Das ist eine demokratie- und friedenspolitisch sehr bedenkliche Entwicklung. Sie führt zu dem traurig-ironischen Paradox, dass gerade in Kriegszeiten, wo die Suche nach Friedenslösungen immer dringender wird, ebendiese Bemühungen diffamiert und behindert werden. "Pazifismus" und "Friedensverhandlungen" sind zu Unwörtern geworden. Und wer sich öffentlich mit einer abweichenden Meinung, etwa zum Gaza-Krieg, äußert, wie der Direktor des Schweizer Friedensforschungsinstituts Swisspeace, Laurent Goetschel, dem werden sofort Fördergelder für die Forschung gestrichen.1 Inzwischen greift der Trend zur "Wehrhaftigkeit" auf immer weitere gesellschaftliche Bereiche über.
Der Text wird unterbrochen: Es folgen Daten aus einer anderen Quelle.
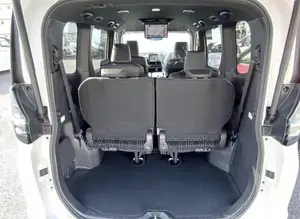 Toyota Voxy Hybrid S-Z 2-Wheel Drive 7-Seater 2023 Pearl
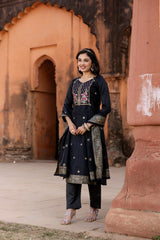 Lajjo Pure Silk Kurta Set with Bottom & Jacquard Dupatta | Elegant Black Ethnic Wear | Festive & Party Collection – Malaysia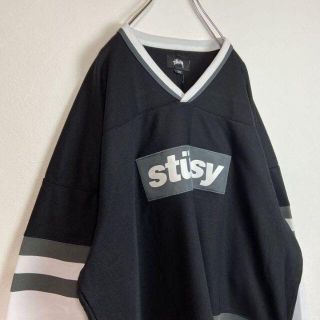 【新品・タグ付】stussy Vネックゲームシャツ系　ヒップホップ　ストリート.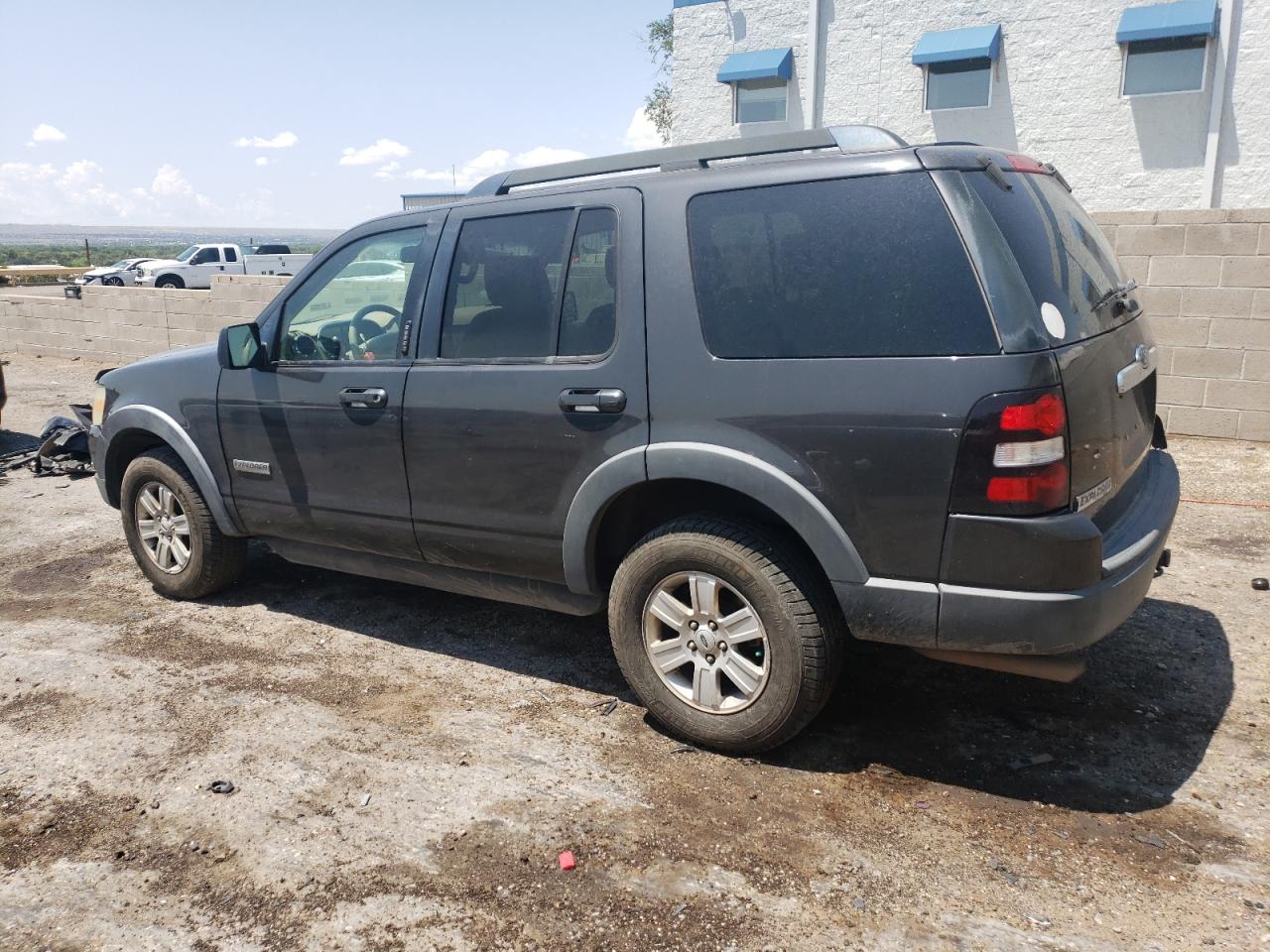 2007 Ford Explorer Xlt VIN: 1FMEU738X7UB77609 Lot: 64254054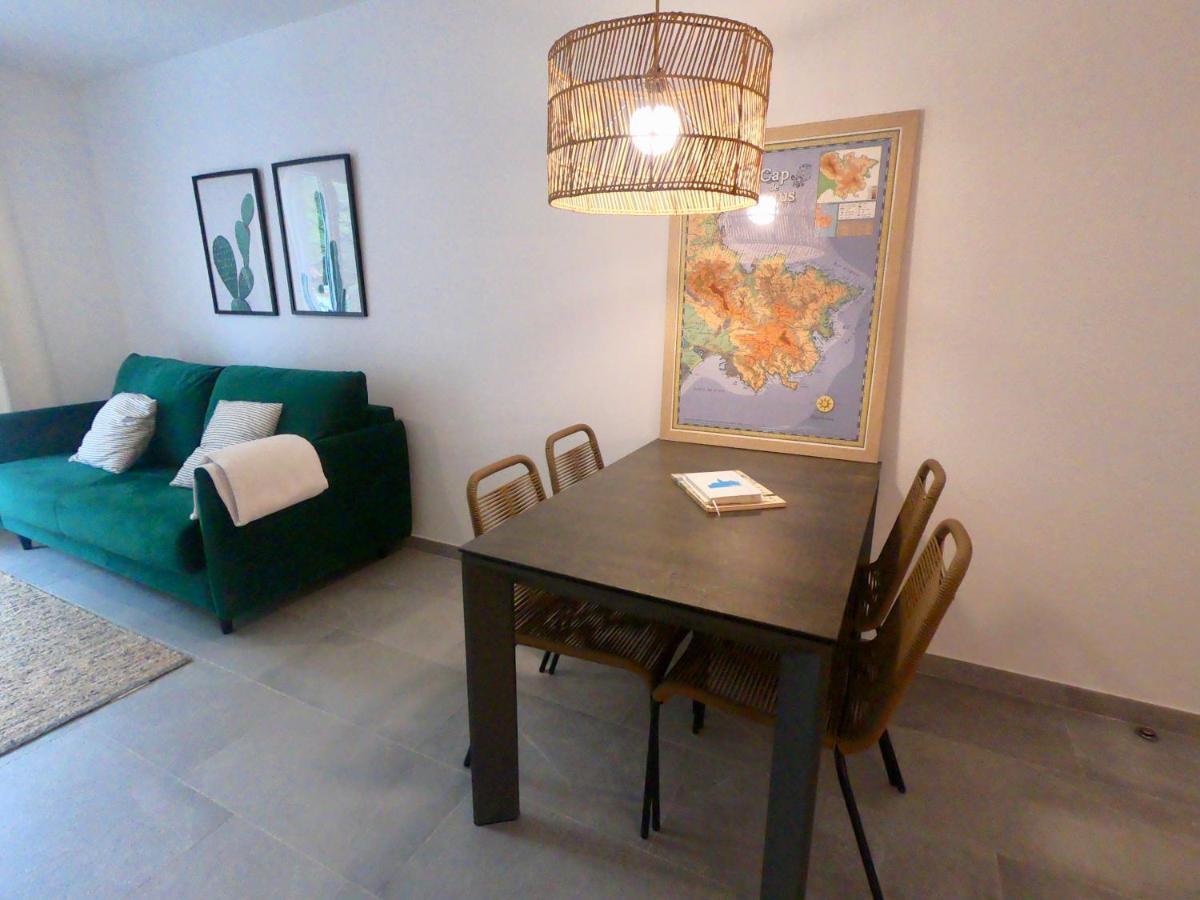 Apartamento Nuevo En El Centro Con Garaje Кадакес Екстер'єр фото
An Universitäten und Kultureinrichtungen werden, besonders seit dem Beginn des Gaza-Krieges, Konferenzen abgesagt, Referent*innen ausgeladen, Preise ausgesetzt und Ausstellungen verschoben – eine Entwicklung die Naomi Klein einen "extreme[n] McCarthyismus" nennt (Klein 2024).

Und nun wird die Zeitenwende auch in der Bildung, und speziell im Bereich der Friedenspädagogik, durchdekliniert. Bemerkenswerter Weise geht diese Initiative von keiner politischen Instanz aus, sondern ist das Werk der pädagogischen Wissenschaften selbst. Es ist, kurz zusammengefasst, das Bemühen, in der Friedenspädagogik die Ethik des Friedens durch eine Ethik des gerechten Krieges zu ersetzen. Das ist nicht ganz neu, schon Ende 2022 hat Georg Schuster anhand einer ARD-Fernsehsendung, einer SWR-Radioreportage sowie einer Kindervorlesung an der Universität Frankfurt gezeigt, wie eine vorgebliche Friedenserziehung die Frage von Krieg und Frieden entpolitisiert und zugleich die Führung eines Verteidigungskrieges als alternativlos "kindergerecht" rechtfertigt (Schuster 2022). Neu aber ist, dass nun anerkannte Experten der Politischen Bildung diese "Neuausrichtung" der Friedenspädagogik theoretisch begründen und praktisch einfordern. Es handelt sich sozusagen um eine "vorauseilende Unduldsamkeit" gegenüber abweichenden Meinungen, wie sie in sind zwei Aufsätzen von Wolfgang Sanders bzw. Hermann Josef Abs an den Tag gelegt wird.